Et aussi avec les Sénégalais non wolophones.

>Le commerce mondial marche au globish, (...).

N'importe quoi. La langue du commerce, c'est la langue du client. 90% de la population mondiale ignore l'anglais et ce dernier n'est la langue maternelle que de 7% de la population mondiale. Et ce pourcentage va baisser à 5% en 2050 :
http://fr.wikipedia.org/wiki/Fran%C3%A7ais#Situation_du_fran.C3.A7ais_pa...

>7) Enfin que Senghor ou Diouf adorent la francophonie est bien pour eux mais hélas ne remplit pas la marmitte de nos femmes.

N'importe quoi là-aussi. Un Sénégalais qui ignore le français n'a aucune chance d'obtenir un emploi dans une grande entreprise privée ou publique. Comment pourrait-il travailler efficacement vu que tous les documents de travail sont rédigés en français ? C'est le français qui rapporte de l'argent au Sénégal, pas le wolof.

antoine534 a répondu le 05/08/2011 à 09h53

Dans les grandes entreprises sénégalaises, il me semble évident que le français est très présent à oral. En effet, il suffit d'un seul non-wolophone pour que tout bascule en français, dans les réunions par exemple, même informelles. Le français à l'oral est donc bien plus présent que vous ne le croyez.

>5) Peut-on vivre à Dakar en ne parlant que français ?
>Non.

Cette affirmation est ridicule. Quand on voit que même Karim Wade, le fils du président, ne parle pas wolof. Comment fait-il donc alors pour vivre à Dakar ? Et les Francais et "Libanos-Syriens", ils deviennent tous muets au marché ? D'après les statistiques, plus de 70% des Dakarois lisent et écrivent le français et ce pourcentage ne pourra qu'augmenter à l'avenir vu que le français est omniprésent à l'écrit.

>7) La langue du commerce mondial est la langue du client ? :)

Évidemment. Il n'y a qu'à lire les offres d'embauche pour les commerciaux. L'anglais est en général loin d'être suffisant. D'autres langues sont souvent mentionnées.

>Meme Claude Hagène n'ose pas écrire pareille énormité.

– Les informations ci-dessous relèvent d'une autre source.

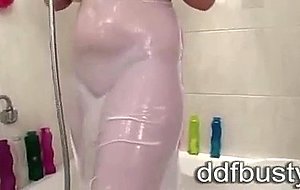 Babe LaTaya showering her huge tits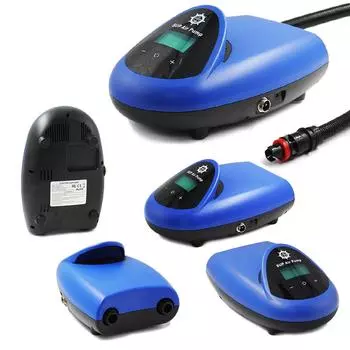 Электрический SUP-насос с интеллектуальным двухступенчатым и автоматическим отключением напряжения питания автомобиля, 12 В постоянного тока, 20 фунтов на квадратный дюйм, высокоскоростной синий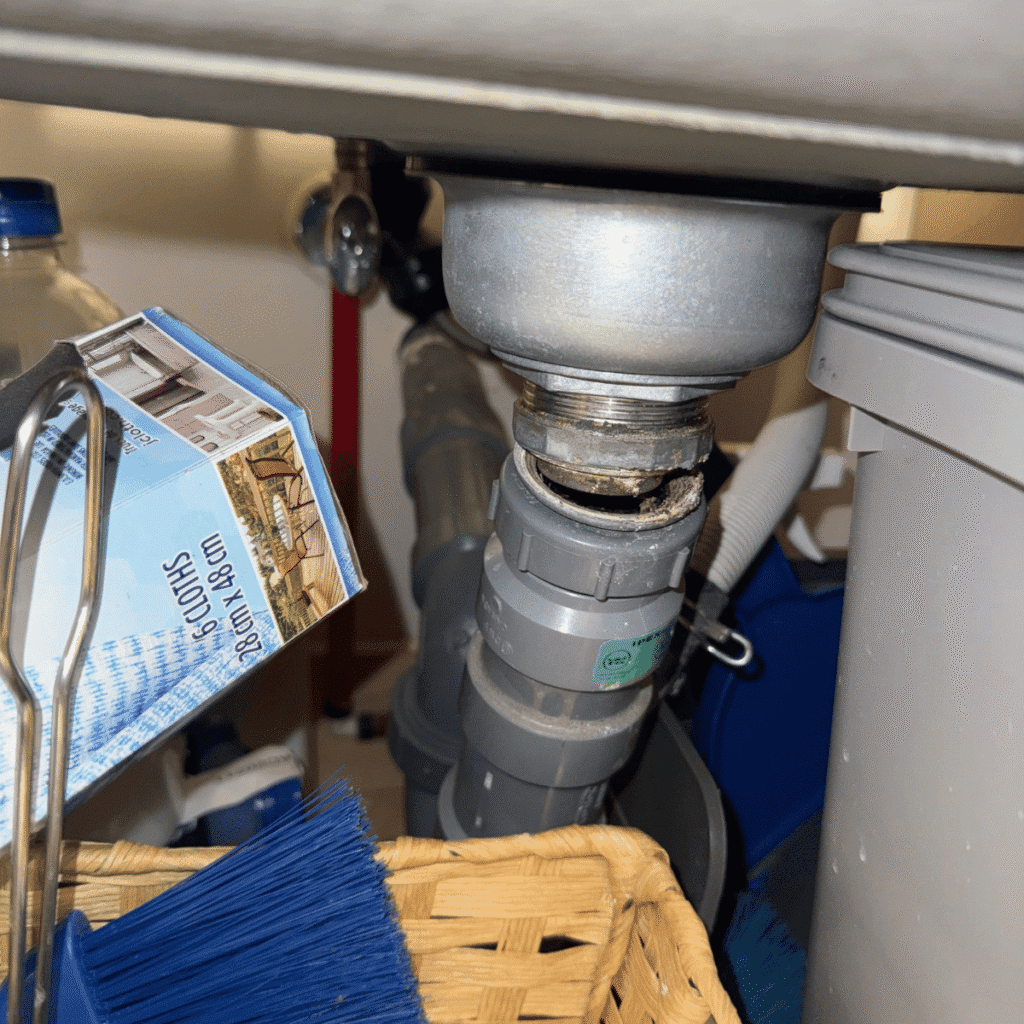 Sink being secured with proper brackets and adhesive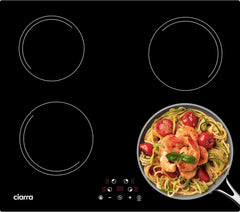 Ciarra Plaque de Cuisson à Induction - 4 Foyers - 6000W - Table de Cuisson Encastrable - Commande Tactile - 9 Niveaux - CABBIH4-E
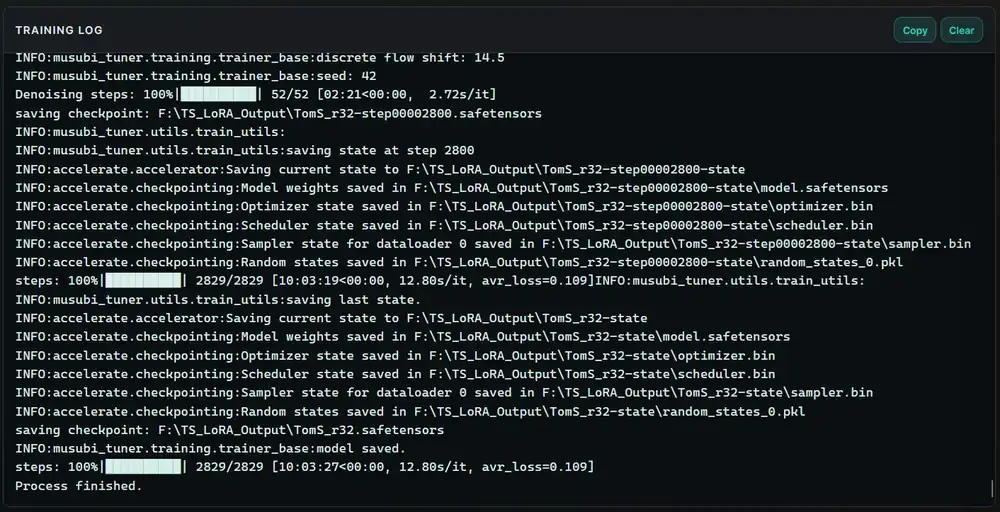 The end of the Krea 2 LoRA training log showing the total training time.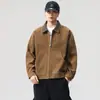 Chaqueta de Trabajo Americana Retro Detroit de Gamuza con Solapa para Hombre 2025 Otoño Nueva Chaqueta Holgada Ropa para Hombre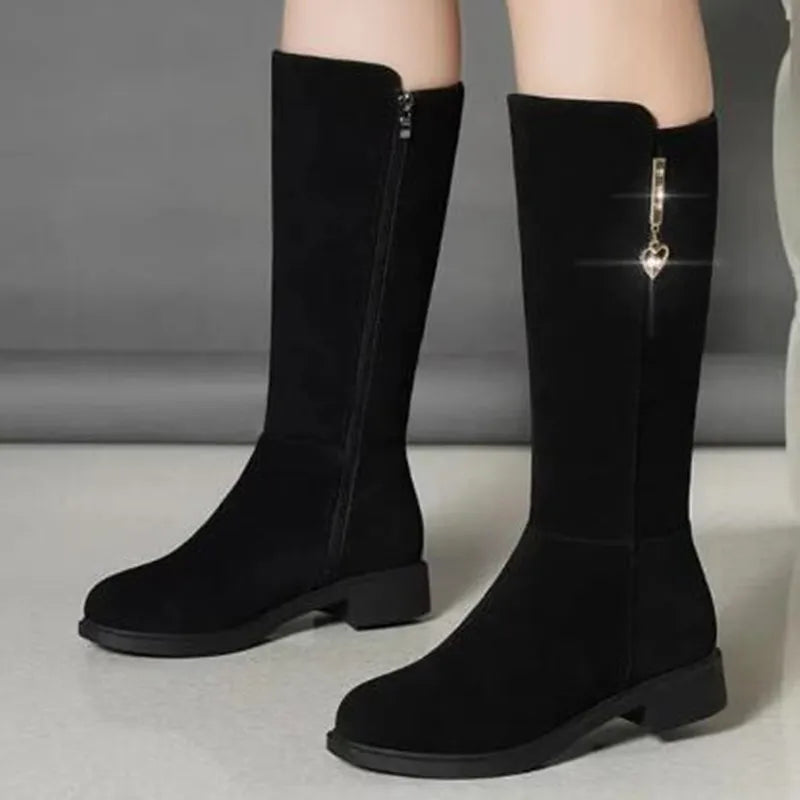 Women's Black Mid-Calf Winter Boots with Heart Zipper Detail - Image 3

Qu'en savez-vous ? Vous n'avez lu aucun de ses livres.

>Etant moi même dans une grosse mutinationale francaise trés au fait du commerce et de ses rouages, je serai viré si je ne connaissez pas l'anglais, à l'écrit et à l'oral.

Tout dépend avec quels pays on commerce. Ceci dit, concernant l'anglais en entreprise en France, il faut savoir que des entreprises ont été lourdement sanctionnées ces dernières années par les tribunaux pour usage illégal de l'anglais : par exemple la société américaine GEMS, condamnée à 570.000 euros d'amende pour avoir refusé de traduire en français ses documents de travail :
http://www.novethic.fr/novethic/site/article/index.jsp?id=99187

De même pour les sociétés Europ Assistance et Nextirone, condamnées pour avoir voulu imposer des logiciels en anglais sans traduction :
http://www.daily-bourse.fr/news.php?news=AFP080516175041.dkxxu5sl
>Faisant partie d'un réseau de compétences, l'anglais est une necessité absolue pour le commerce mondial et les échanges.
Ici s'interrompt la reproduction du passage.